Terror came on London yesterday to the seat of government and Parliament for the first time since the IRA attacked Downing Street with mortar fire in 1991. Prior to that, in 1979 Airey Neave MP was murdered by a bomb planted in his vehicle which went off in the House of Commons car park. This time, people walking on Westminster Bridge were mown down by a car whose driver then proceeded to Parliament.

The assailant rushed the officers on the gate and was able to assault and kill a policeman before being shot dead. Praise must go to the officers who stopped him going any further and to the emergency services who were quickly on the scene to tend to the dead and injured.

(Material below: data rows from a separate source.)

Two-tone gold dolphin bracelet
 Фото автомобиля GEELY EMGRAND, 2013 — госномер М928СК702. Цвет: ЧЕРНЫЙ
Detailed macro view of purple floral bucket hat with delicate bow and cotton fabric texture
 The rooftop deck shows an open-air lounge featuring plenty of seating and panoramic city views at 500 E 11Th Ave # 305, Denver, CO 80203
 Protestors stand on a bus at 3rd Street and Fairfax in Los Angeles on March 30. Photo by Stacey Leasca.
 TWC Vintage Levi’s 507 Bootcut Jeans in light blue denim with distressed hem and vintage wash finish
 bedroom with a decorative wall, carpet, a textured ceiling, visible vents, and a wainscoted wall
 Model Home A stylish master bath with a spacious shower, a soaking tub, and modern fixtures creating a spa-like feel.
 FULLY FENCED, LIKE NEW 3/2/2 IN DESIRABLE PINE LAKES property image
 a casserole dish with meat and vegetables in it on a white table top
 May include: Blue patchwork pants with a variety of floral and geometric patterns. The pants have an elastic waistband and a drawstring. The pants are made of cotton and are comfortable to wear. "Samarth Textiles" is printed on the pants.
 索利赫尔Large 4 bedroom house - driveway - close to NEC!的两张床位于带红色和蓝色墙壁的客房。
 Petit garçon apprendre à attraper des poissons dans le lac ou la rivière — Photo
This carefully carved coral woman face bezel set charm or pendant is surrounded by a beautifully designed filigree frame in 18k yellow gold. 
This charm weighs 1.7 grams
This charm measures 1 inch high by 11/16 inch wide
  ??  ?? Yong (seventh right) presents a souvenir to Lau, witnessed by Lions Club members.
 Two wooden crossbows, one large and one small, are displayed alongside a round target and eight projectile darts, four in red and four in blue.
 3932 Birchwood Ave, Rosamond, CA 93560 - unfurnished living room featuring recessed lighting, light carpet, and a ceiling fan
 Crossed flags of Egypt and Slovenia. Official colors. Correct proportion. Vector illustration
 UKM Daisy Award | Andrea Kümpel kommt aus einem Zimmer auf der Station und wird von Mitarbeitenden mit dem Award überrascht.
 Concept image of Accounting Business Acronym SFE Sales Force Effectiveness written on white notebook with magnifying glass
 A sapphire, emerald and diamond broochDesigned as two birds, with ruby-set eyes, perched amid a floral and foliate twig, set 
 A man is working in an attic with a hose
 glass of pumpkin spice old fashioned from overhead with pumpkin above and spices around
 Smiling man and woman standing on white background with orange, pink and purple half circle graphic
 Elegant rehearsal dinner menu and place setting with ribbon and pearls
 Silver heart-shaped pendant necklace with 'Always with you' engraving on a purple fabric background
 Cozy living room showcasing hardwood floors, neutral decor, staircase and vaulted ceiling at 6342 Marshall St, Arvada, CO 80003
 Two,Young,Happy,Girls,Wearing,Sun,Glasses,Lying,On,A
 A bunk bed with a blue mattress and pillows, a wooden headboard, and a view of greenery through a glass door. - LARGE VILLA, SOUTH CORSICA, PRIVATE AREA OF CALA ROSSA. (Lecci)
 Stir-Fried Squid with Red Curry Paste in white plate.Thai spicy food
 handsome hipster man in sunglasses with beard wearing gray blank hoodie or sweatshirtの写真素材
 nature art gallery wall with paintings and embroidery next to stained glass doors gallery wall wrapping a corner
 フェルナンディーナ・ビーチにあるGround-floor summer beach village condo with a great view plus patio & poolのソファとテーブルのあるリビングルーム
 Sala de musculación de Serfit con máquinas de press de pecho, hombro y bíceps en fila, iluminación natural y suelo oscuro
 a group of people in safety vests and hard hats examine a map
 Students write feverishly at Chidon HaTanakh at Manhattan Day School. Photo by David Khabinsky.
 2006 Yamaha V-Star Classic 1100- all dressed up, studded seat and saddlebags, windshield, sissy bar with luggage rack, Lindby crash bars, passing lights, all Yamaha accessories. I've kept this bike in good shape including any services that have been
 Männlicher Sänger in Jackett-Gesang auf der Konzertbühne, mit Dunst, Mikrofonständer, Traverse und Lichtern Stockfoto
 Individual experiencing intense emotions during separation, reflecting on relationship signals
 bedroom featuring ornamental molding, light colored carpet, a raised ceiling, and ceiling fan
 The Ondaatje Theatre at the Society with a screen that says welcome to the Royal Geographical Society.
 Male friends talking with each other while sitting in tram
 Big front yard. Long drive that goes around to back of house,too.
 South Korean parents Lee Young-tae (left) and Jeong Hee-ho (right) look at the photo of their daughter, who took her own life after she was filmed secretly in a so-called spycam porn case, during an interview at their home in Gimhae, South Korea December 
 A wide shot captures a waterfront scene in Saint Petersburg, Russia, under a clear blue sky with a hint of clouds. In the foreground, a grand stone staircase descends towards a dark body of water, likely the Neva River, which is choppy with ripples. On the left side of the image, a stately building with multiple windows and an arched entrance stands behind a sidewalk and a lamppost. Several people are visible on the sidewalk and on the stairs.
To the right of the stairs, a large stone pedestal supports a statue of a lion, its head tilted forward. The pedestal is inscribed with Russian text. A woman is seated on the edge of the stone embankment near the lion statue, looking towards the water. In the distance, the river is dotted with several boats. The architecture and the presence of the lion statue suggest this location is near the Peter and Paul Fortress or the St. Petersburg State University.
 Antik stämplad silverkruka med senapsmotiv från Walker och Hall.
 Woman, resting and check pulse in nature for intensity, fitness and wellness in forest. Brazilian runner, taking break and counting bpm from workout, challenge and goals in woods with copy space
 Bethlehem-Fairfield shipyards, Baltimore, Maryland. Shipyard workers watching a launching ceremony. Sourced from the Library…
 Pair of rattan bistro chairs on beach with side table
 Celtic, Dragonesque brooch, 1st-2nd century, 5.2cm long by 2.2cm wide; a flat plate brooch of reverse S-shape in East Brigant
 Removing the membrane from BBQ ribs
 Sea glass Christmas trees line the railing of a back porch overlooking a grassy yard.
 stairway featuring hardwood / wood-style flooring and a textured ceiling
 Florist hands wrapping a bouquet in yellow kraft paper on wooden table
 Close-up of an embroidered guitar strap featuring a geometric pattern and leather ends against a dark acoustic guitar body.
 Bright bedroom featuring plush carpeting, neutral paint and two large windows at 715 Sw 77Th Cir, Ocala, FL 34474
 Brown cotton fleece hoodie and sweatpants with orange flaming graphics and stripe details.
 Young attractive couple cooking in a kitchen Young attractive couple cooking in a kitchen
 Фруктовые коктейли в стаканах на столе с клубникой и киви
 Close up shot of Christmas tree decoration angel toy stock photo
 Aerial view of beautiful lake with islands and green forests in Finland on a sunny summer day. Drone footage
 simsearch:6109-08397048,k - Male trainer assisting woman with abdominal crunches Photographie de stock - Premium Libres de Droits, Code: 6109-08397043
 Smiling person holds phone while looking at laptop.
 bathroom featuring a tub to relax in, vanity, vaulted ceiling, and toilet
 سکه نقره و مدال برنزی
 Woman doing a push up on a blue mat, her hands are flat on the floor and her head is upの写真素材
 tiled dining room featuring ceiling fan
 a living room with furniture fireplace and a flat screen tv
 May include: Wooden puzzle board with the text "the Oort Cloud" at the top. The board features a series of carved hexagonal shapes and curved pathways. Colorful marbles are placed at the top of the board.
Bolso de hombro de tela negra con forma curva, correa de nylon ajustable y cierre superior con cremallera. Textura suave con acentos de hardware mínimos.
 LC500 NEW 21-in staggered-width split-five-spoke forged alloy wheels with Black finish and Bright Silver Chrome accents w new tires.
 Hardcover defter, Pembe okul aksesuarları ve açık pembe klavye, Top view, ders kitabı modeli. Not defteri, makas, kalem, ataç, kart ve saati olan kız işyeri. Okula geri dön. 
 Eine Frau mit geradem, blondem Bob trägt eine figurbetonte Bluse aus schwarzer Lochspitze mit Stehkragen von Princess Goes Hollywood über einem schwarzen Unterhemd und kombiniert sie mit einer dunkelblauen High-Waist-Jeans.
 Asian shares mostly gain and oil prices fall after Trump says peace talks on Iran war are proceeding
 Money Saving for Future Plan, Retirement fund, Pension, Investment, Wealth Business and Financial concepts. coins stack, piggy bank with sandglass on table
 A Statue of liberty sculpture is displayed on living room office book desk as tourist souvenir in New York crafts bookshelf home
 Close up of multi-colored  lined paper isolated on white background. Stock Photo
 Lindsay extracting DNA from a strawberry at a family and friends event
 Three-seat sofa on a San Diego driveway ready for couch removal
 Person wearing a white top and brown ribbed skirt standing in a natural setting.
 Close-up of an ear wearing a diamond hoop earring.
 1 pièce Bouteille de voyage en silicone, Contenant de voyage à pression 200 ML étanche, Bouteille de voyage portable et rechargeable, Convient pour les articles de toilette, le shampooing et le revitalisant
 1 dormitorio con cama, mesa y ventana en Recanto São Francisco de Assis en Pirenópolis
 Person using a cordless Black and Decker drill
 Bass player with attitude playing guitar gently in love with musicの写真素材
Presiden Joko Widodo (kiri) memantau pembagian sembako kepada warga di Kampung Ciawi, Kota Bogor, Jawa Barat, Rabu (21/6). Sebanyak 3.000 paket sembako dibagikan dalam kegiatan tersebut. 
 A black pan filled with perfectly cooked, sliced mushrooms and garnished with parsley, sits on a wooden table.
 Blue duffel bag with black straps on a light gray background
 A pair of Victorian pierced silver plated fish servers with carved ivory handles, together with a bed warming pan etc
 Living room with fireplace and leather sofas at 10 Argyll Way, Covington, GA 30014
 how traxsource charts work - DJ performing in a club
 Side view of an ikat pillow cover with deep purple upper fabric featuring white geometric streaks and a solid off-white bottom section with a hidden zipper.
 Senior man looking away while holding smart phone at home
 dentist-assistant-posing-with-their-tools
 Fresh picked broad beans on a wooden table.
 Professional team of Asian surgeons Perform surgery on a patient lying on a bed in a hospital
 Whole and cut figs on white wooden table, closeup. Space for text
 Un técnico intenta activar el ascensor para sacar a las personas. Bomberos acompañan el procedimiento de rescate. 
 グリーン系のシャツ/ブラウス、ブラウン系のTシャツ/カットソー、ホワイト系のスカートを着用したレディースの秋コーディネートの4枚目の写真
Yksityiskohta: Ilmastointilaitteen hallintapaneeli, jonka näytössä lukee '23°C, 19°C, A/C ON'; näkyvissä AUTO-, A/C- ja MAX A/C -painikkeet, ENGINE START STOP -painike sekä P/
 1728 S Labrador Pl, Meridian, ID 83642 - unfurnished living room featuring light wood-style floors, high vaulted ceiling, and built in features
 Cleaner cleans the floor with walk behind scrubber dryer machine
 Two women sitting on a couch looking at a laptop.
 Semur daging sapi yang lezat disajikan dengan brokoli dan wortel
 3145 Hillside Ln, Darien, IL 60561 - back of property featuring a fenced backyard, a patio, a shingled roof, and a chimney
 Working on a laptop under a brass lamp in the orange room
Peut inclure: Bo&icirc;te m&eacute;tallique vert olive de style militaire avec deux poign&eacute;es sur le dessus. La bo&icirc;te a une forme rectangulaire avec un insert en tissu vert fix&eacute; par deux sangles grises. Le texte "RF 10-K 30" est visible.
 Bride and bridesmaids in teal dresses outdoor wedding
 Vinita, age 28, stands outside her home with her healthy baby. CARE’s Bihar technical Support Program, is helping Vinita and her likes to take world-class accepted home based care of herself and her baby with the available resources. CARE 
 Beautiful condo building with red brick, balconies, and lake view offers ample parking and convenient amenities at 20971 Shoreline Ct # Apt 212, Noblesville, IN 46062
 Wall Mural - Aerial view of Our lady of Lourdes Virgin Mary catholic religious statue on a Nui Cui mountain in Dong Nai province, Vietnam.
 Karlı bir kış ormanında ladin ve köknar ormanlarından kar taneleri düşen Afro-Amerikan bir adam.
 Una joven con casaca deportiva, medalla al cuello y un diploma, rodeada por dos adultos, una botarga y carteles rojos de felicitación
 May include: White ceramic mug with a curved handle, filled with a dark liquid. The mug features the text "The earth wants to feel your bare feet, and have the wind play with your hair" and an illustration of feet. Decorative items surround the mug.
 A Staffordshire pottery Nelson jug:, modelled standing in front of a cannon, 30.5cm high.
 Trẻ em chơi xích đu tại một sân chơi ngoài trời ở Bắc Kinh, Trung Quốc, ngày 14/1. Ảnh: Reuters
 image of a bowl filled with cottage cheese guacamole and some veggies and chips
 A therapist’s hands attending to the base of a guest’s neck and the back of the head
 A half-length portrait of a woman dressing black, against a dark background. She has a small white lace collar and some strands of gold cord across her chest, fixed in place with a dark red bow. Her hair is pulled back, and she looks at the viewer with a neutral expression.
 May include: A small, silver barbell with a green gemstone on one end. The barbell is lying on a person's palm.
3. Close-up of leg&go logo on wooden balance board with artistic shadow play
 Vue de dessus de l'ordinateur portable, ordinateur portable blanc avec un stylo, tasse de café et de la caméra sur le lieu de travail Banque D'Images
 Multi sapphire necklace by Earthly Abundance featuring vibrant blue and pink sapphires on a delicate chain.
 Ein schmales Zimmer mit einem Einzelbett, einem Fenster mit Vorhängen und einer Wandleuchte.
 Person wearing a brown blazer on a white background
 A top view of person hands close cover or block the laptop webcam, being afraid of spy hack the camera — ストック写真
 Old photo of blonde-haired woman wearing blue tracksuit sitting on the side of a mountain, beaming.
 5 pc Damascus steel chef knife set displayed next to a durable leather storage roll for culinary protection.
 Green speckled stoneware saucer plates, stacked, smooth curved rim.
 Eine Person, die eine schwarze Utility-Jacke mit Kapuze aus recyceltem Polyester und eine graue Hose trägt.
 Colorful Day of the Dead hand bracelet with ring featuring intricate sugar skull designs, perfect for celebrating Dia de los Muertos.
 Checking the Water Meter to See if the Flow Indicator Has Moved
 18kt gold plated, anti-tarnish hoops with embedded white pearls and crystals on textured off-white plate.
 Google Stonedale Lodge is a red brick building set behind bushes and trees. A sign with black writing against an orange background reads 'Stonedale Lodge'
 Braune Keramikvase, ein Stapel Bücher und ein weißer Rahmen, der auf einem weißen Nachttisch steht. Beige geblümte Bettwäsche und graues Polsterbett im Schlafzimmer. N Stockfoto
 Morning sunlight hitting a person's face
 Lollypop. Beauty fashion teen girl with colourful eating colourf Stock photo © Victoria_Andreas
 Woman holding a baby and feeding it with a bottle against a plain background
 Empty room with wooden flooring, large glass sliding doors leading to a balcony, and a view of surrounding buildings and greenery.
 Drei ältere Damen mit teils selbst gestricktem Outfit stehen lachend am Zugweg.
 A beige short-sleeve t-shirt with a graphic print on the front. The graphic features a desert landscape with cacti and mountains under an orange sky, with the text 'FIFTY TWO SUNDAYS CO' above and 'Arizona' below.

All such attacks are appalling but especially so when the democratic process is the target and innocent people simply taking in the sights are the victims. Partly as a result of those earlier atrocities the security around the Palace of Westminster is nowadays extremely tight while allowing life to go on as normally as possible. But the days when it was permissible to move easily around government buildings – or even walk through Downing Street from Whitehall to St James’s Park unchallenged – have long gone.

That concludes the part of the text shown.